Portuguese doctors aren’t open to the wonders of medicinal cannabis. This is the message coming ahead of a conference in Lisbon this weekend the organisers of which are reaching out to doctors to come on board, and at least learn how much this product legalised over a year ago can change the experiences of patients.
Says the Portuguese Observatory for Medicinal Cannabis ‘every day we receive appeals for help from patients’, but “only a few doctors are interested. We need a lot more”.
Says the Observatory’s president Carla Dias, medicinal cannabis can now legally be purchased online. Many who buy it for multiple reasons – from headaches to autism, to various types of cancer – would like a doctor to advise them on dosages, etc.
But because doctors are digging their heels in, almost every citizen here is left working treatment levels out on their own.
Said Dias, “sadly, there is still a lot of prejudice. You hear (disparaging) comments every day that you wouldn’t hear in other countries”.

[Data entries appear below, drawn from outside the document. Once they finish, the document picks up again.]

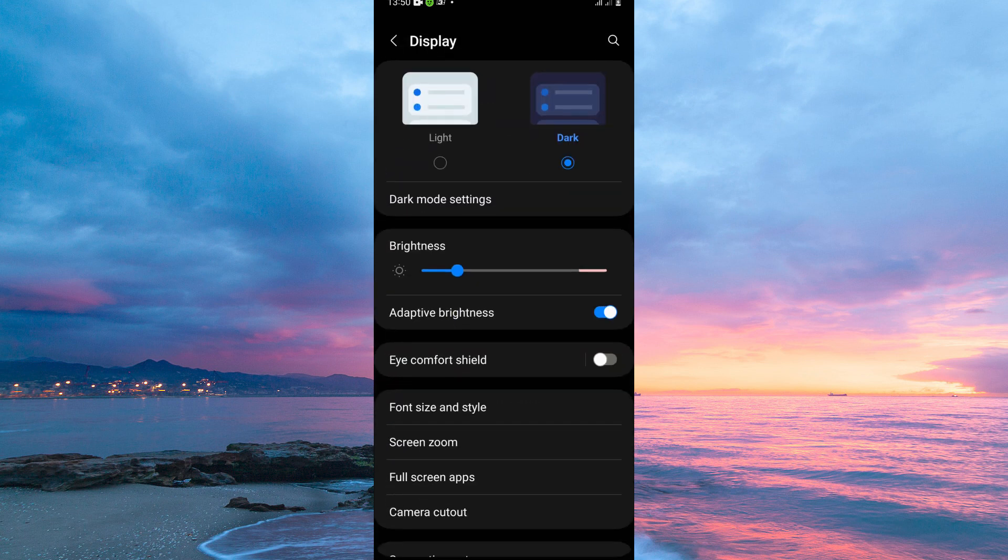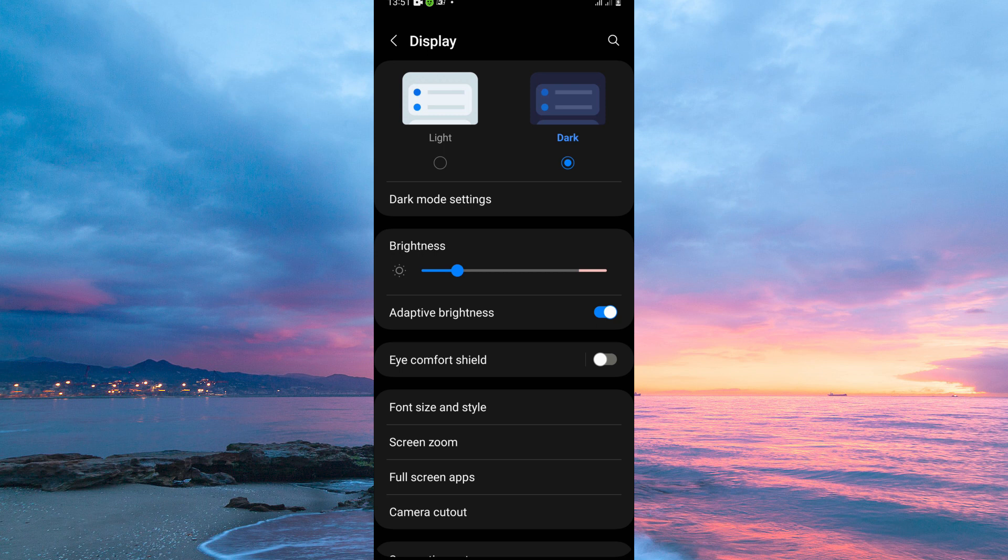Here you have the following: dark mode settings, brightness, adaptive brightness, eye comfort shield, font size and style, screen zoom, full screen apps, camera cutout, screen timeout, navigation bar, etc.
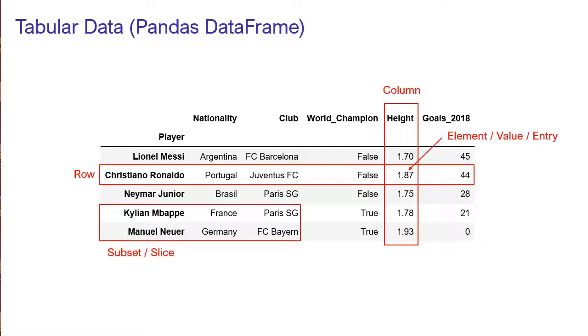Next we have a subset or a slice of our DataFrame, showing two players and only the columns nationality and club.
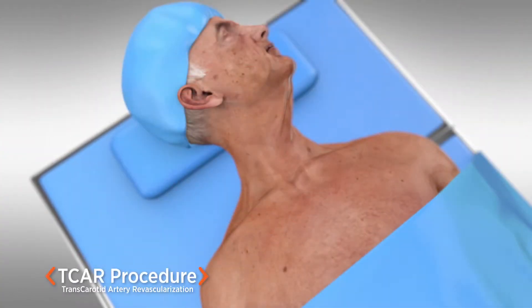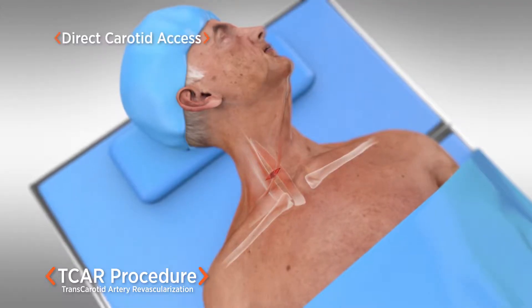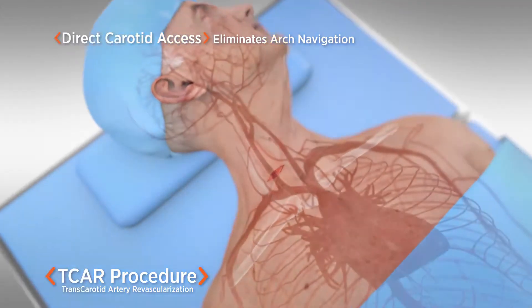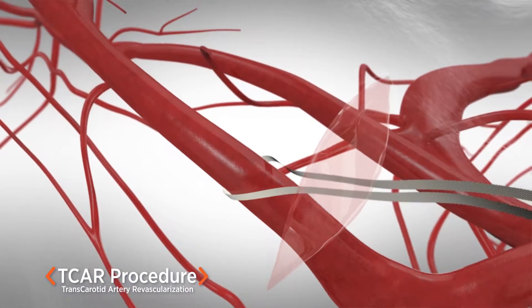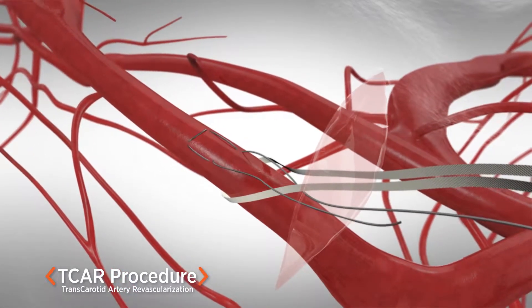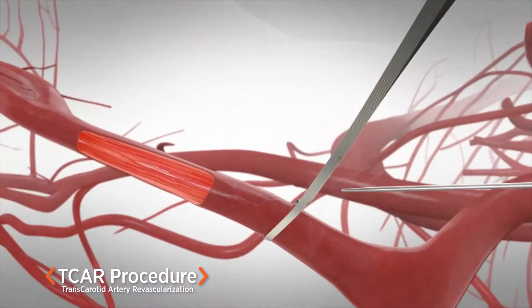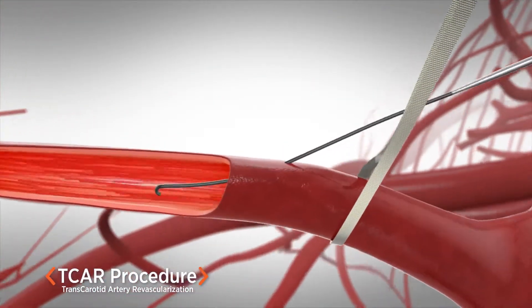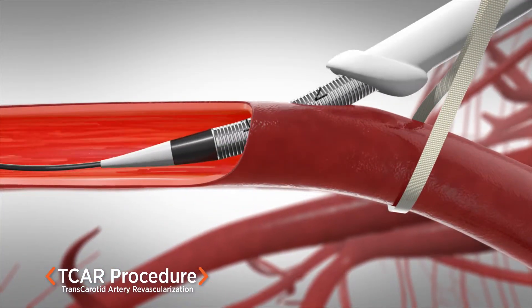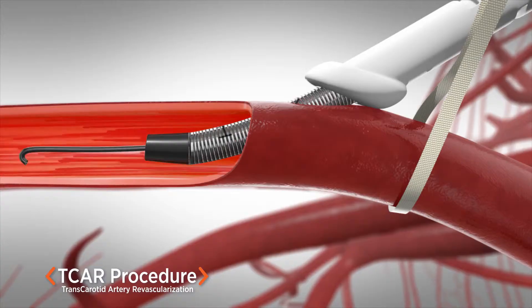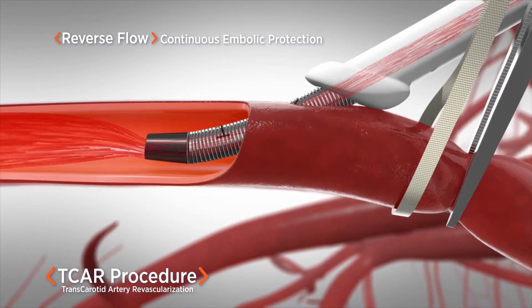The T-CAR procedure begins with a small incision just above the collarbone to expose the carotid artery. A vessel loop is placed to control and clamp the artery during the procedure, and a suture is placed for easy closure of the puncture site at the end of the case. A specialized sheath is placed through a small puncture in the common carotid artery. This sheath will be used to deliver a stent, but first it will temporarily reverse blood flow in the artery.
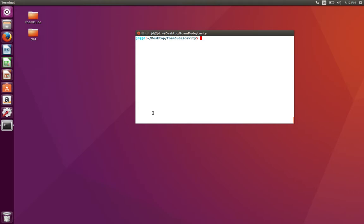Hi guys, welcome back to Formdue. In this video we're going to see how to write your own allrun scripts. In a lot of tutorials, you'll see each tutorial ships with allrun and allclean scripts.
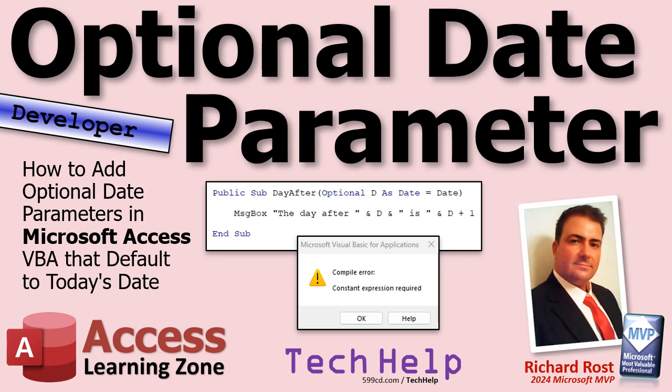Welcome to another tech help video brought to you by AccessLearningZone.com. I am your instructor Richard Rost. Today we're going to talk about optional date parameters — how to have an optional date parameter that will default to today's date if the user doesn't specify a date. There's a trick to it.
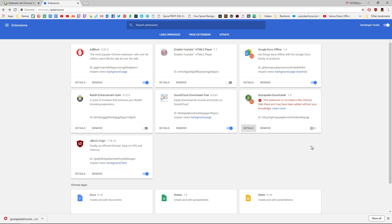Now this is an issue I personally came across — I'm only a novice when it comes to this. As it states here, this extension is not listed in your Chrome Web Store and may have been added without your knowledge. What this means is that Google is automatically blocking this extension from actually working and being able to turn on.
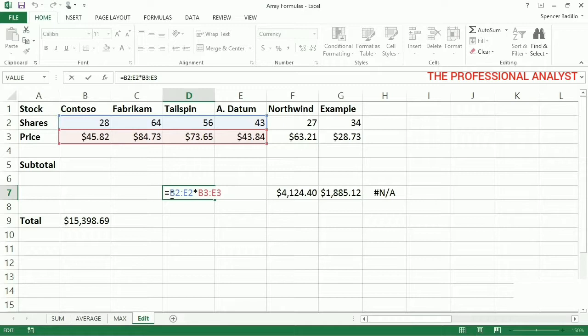Now you've got a pretty good idea about how to use array formulas. Of course, there's always more to learn.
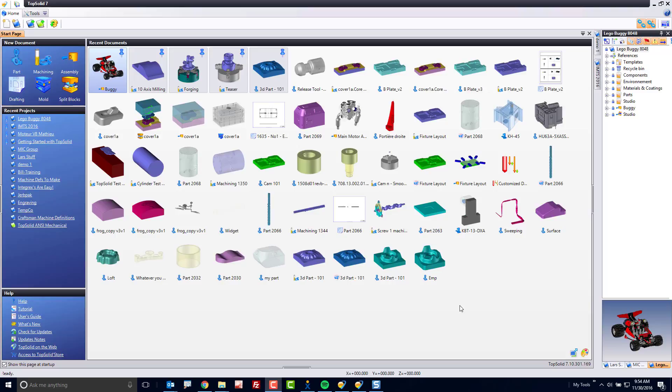Welcome to TopSolid 7. In this video I'm going to talk about analysis mode within the TopSolid product line.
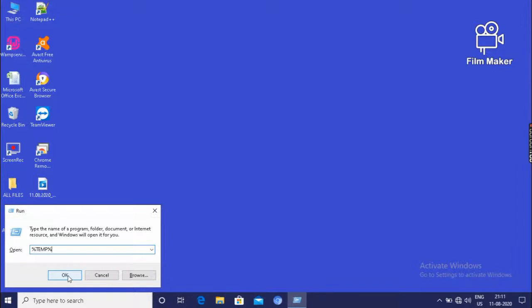Then click on OK. It will show, by pressing OK, by clicking on OK, it will show the temporary files.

The law may have been approved, she explains, but essentially this is meaningless. “There are no doctors prescribing it…”
Dias also warned that some products found online are better than others. It has been left to the Observatory to establish protocols with the Pharmaceutical Faculty in Lisbon and the Military Laboratory to “analyse the quality of products sold online” to give patients “some guarantee” until products become available in pharmacies.